The Capital News asked the Kelowna trustees candidates to answer a series of questions about issues facing the Okanagan School District.
Do you feel school board policies reflect the values of Central Okanagan communities?
Yes. I have been attending board meetings for over four years. Our community is growing, our diversity is expanding, and our SD23 policies are adapting to reflect that. Our board policies, there are over 170, respectfully represent all members of our school community. Strategic goals such as, Inclusive Learning Cultures, Family and Community Engagement and Staff Wellness positively impact our community as a whole. The district’s focus on Truth and Reconciliation while incorporating significant Indigenous learning improves school culture and builds relationships. Our school board is not stagnant. It adapts and changes as needed by listening to members of our community, connecting with partner groups, creating space for students to voice opinions, and engaging in reflective practices. Our board works collaboratively for all through consultation and conversation and develops policy based on needs and values.

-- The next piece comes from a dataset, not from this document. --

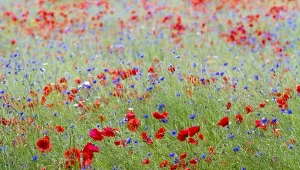 Łąka kwietna w ogrodzie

In what way, if any, are parents not given the opportunity to play a role in their child’s education?
Our school district fully recommends and appreciates parental involvement. Parents have a critical role in our schools. Volunteer activities, parent/teacher conferences, approved classroom visits, parent advisory councils and district parent advisory councils, emails, phone calls and meetings outside of instructional time are some of the ways that parents can, and are encouraged, to get involved in their child’s education. Even as a single working parent, I have volunteered on field trips, attended every parent/teacher conference, written and responded to emails from teachers, met with administration when I had concerns, attended PAC meetings and supported the entire school body through fundraisers. Even attending school board meetings gives our community, not only parents, an opportunity for involvement. Parents have many opportunities to be involved in their child’s education and teachers, support staff, and administration are flexible and accommodating.
What is the Central Okanagan School District doing well or not doing well to allow our students to become productive adults?
I am constantly impressed with how our district forms relationships with post-secondary partners: Okanagan College, UBCO, the Justice Institute, BCIT, to offer programs that set our high school learners up for success. Within SD23, there are dual credit programs in both trades and academics, a Youth Work in Trades Apprenticeship program, trades sampler programs for construction, culinary arts and power motive and career-life programs to support students as they discover their unique skills and competencies. All of these (and maybe more) are available at various secondary schools in our district. Most programs have subsidized costs along with bursaries and awards students can qualify for. When students are graduating having already started on their chosen career path, our entire community benefits. Our educators and administration make a concerted effort to help learners find a successful path for post-graduation.
What role should our education system play in supporting students facing gender identification issues?
Our schools and learning spaces need to be safe and welcoming for all. Everyone has a sexual orientation and a gender identity and it’s important that we support all students, not just a select few. Inclusiveness is a topic that I’m passionate about. Having worked with children and families for many years, I understand the importance of social and emotional well-being. In fact, if students can’t feel socially or emotionally supported and safe, then they will struggle to learn. Students spend a lot of time in our school environment and deserve to have a sense of belonging while they are there. Our education system should continue to provide education, language and opportunities for growth at all levels of instruction. It’s upsetting to me that some adults think that sexual orientation and gender identity is a choice. It’s proof that education and professional development is still necessary and important.